Ian and I have been interested in offshore corporations for just over a year now. Before that time, our discussions on business structure revolved around LLC vs C-corp and California vs. Delaware. We heard about offshore corporations, but we thought they were the domain of the rich and powerful– the jetset and ballin’.

That’s changing. The barrier to entry is lower than ever. The information is out there. It’s feasible for most internet business owners to get set up in Hong Kong, Singapore, the British Virgin Islands, or elsewhere. If you run your business from your laptop, you can enjoy the same benefits that the rich, powerful, and jetset have for decades.

I’m learning about all this as I go. That’s why I’m writing about it. Please don’t take my word for it. In fact, I’m hoping for your feedback. There are many people in our forum who know way more than myself. Those are the folks who schooled me.

I owe a huge thanks to DCers Mike and Chris for flying from China to the first Tropical MBA summit in Puerto Galera. They were able to spend hours with me walking me through the details. That helped me to turn complicated information into action. I owe those guys more than a beer. They saved me 1000’s of dollars and made the whole summit worth it for me financially. Even if they hadn’t shared their business experience, those guys are tons of fun so it still would have been worth it :D (Also HT required for many DCers, but most importantly to Chris for writing up his experiences, and to Matt for being an insanely generous super-guru).

I suspect that for many internet business owners, the prospect of having a Hong Kong corporation seems distant, irrelevant, and maybe just off the radar.

Here are the 5 benefits I didn’t know about Hong Kong corporations before last year.

1) Getting a Hong Kong Corporation is Relatively Cheap and Easy.

When you are growing a business you are strapped for cash. The task of setting up offshore companies can be daunting and distracting. Setting up in Hong Kong, though, is cheaper and easier than you probably think. If you start your own company and work through a firm like Jumpstart, you can get your company started in a few weeks for about $600 USD.
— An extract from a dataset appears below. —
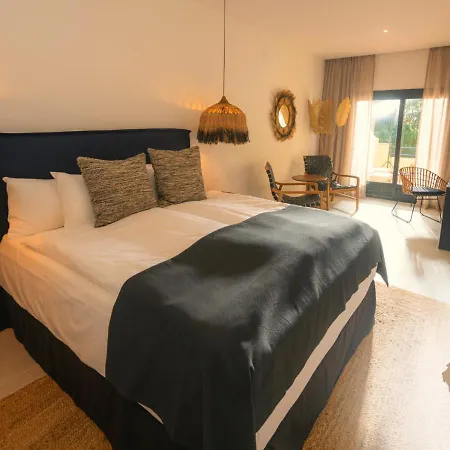Boutique 4*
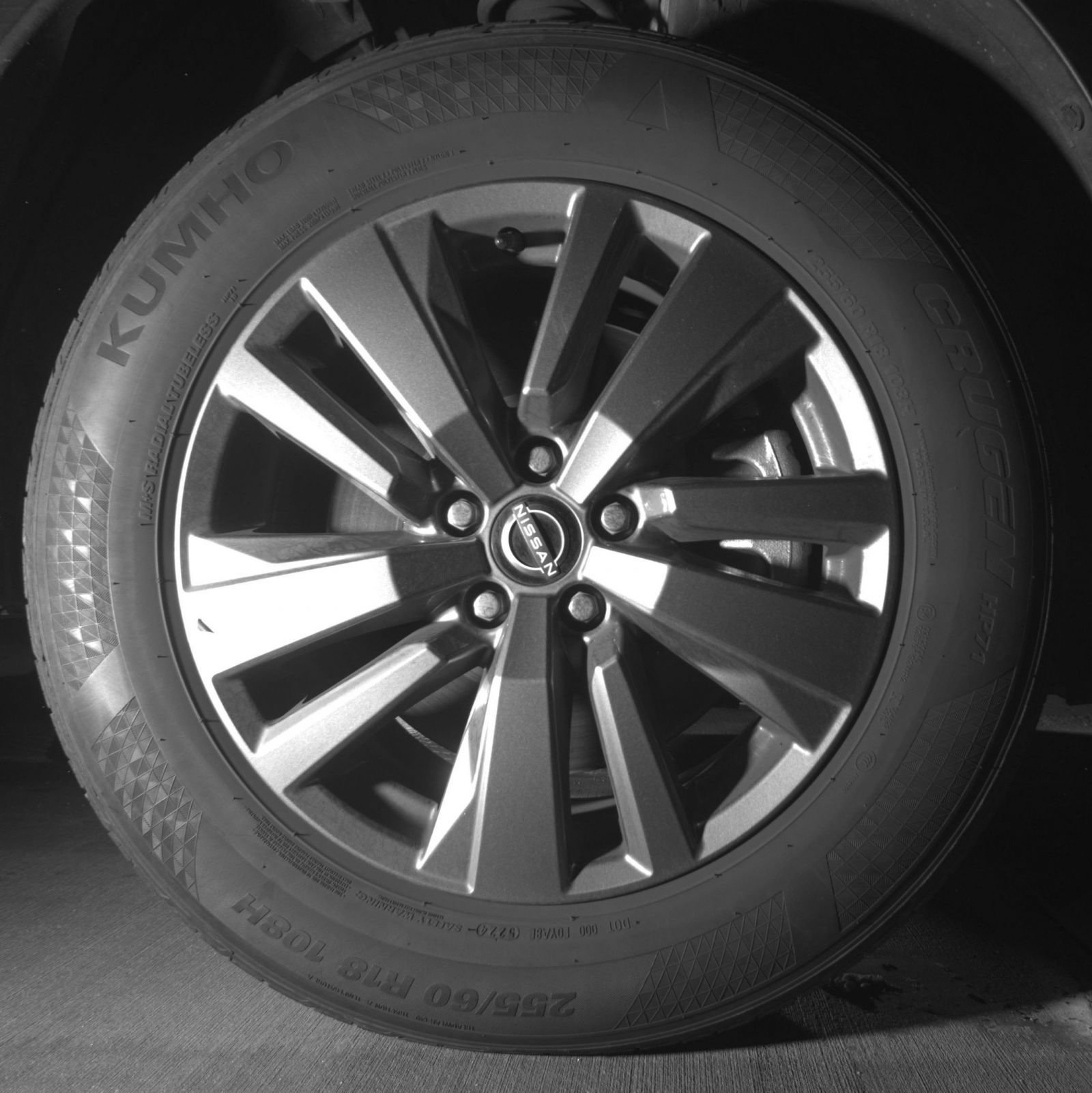 Used 2025 Nissan Pathfinder SV FWD image 13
You’ll also need an address and phone number– that’s about $30 USD a month for us. There are tons of companies in Hong Kong that provide that service.

The biggest expense? You’ll need to fly to HK to open a bank account. As far as I know, you can only open one in person at the bank. It only takes 20 minutes. You need to have a minimum balance in business accounts at most banks (we use HSBC), but it’s small. There are also places you can stay in central HK for $50 bucks a night on AirBnB. It’s a great place to visit anyway. Win, win! You could get all of this done for less than 2K (including travel) if you are coming from a western country.

2) Hong Kong Corporate Tax Rate is 0% For Transactions Outside of Hong Kong.

For all transactions completed outside of Hong Kong, the tax rate is zero. That’s sweet. Keep in mind for Americans this doesn’t mean you don’t pay taxes. Americans must pay taxes on all income they earn from corporations, even if they are overseas. You need to keep track of how much money you earn from that corporation and ensure you pay personal income taxes on it. It’s complicated, but that’s the basic gist. Either way you’ll save on sales taxes and corporate taxes at minimum.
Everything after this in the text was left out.